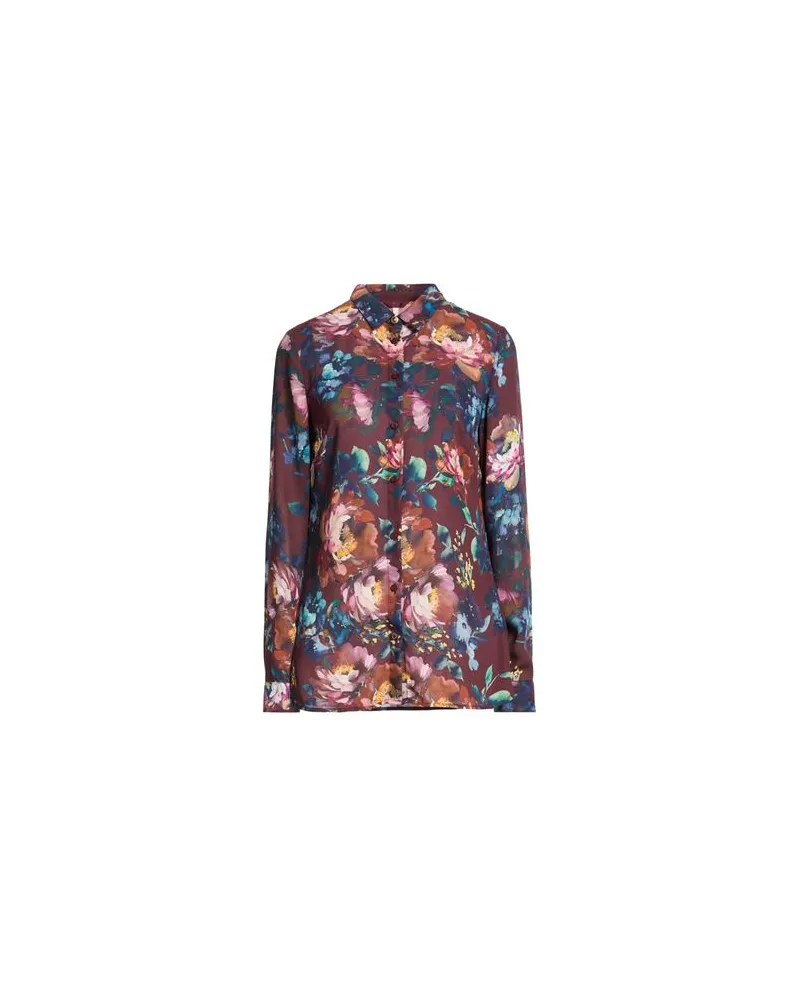 Guess TOPS - Hemdenauf YOOX.COM Bordeaux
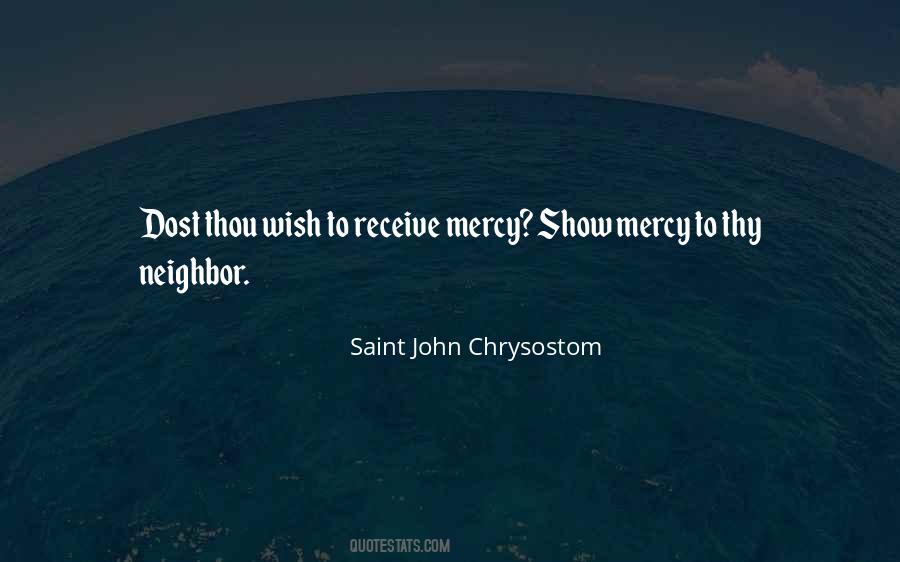 Chrysostom Quotes #911033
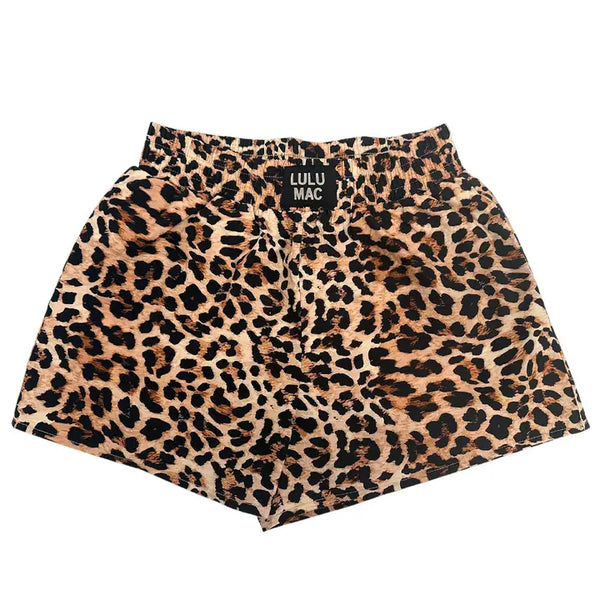 Leopard Boxer Short | LULUMAC
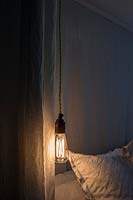 Light by bed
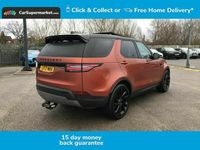 used Land Rover Discovery 3.0 TD6 First Edition Auto [7 Seats]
+-------+
__REQUIRED WORK__
Your answer must be an exact copy of the listing, minus its pictures.

__RESPONSE TO THIS EXERCISE__
 Guess TOPS - Hemdenauf YOOX.COM Bordeaux
 Chrysostom Quotes #911033
 Leopard Boxer Short | LULUMAC
 Light by bed
 used Land Rover Discovery 3.0 TD6 First Edition Auto [7 Seats]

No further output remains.